All week leading up to the much-anticipated Fortress Festival, the weekend weather forecast became increasingly ominous, prompting many to post on social media concerns that the entire Saturday lineup would have to be canceled or postponed. It was undoubtedly a rocky start for the fledgling fest, a first-of-its-kind venture co-founded by Alec Jhangiani and Ramtin Nikzad (who both left positions at the Lone Star Film Festival) in collaboration with the Modern Art Museum of Fort Worth and booking agency Margin Walker that took place in the Cultural District last weekend. 

Organizers eventually decided to push the first set back from 3 to 5 p.m., effectively bumping from the lineup dance machine Ronnie Heart, one of just three Fort Worth acts on the bill. That decision turned out to be premature, as storms never materialized in the area (communities to the east weren’t so lucky), although a brisk wind and cloudy skies kept temps low. 
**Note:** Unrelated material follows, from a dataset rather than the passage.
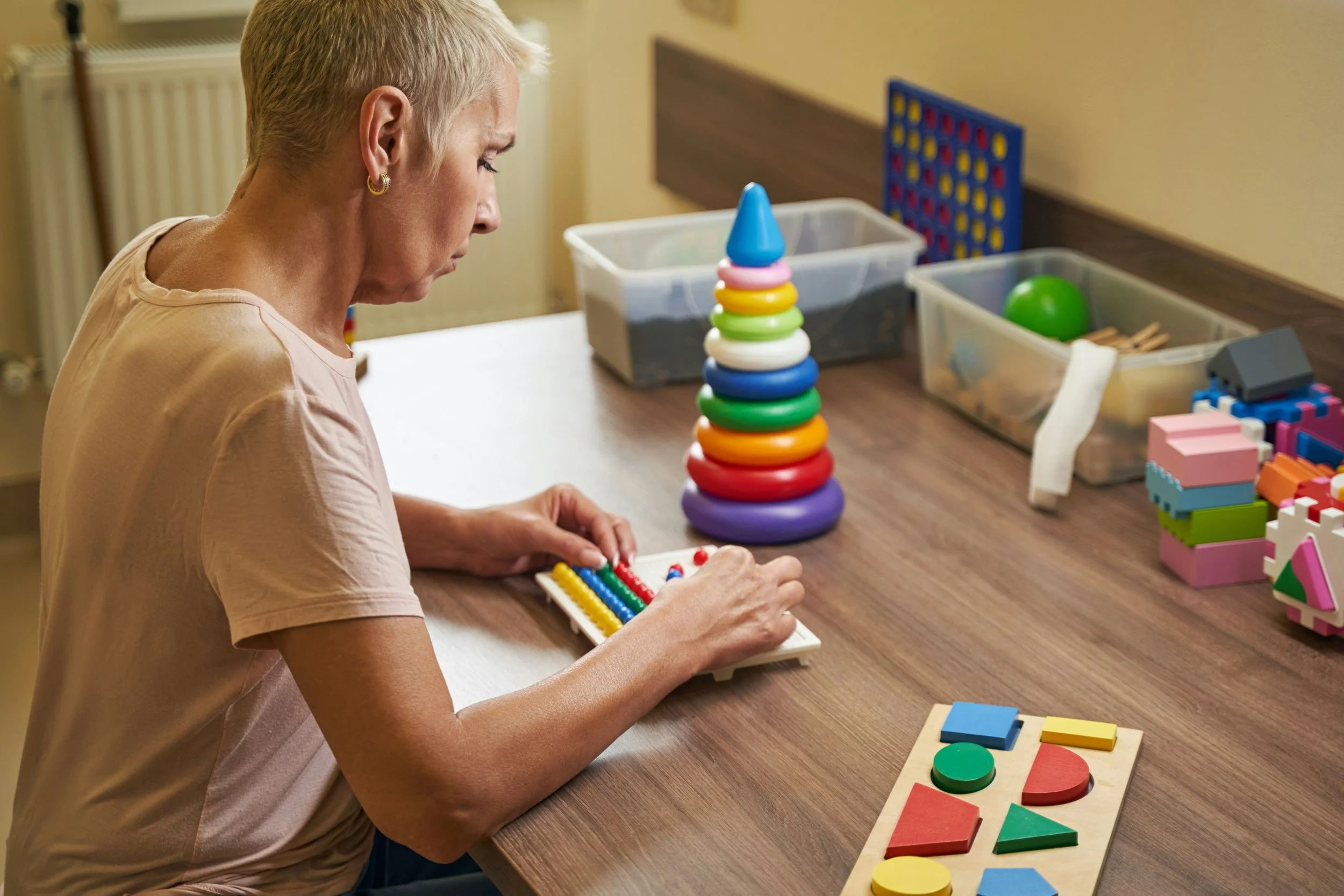 Eine ältere Frau spielt mit bunten Lernspielzeugen an einem Tisch, darunter ein aufstellbares Stapelspiel, ein Abakus und geometrische Formen miteinander.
By Saturday night, the temperatures had dipped into the 50s, but the crowd of thousands at the main stage was thoroughly warmed up after a trippy set by Los Angeles electro-wizard Flying Lotus. By the time co-headliner and acclaimed rap duo Run the Jewels performed, the throng was at full throat. After overcoming some early sound issues, co-frontman El-P declared, “Right now we’re [starting] a mission to make this night a mother-fucking blockbuster.”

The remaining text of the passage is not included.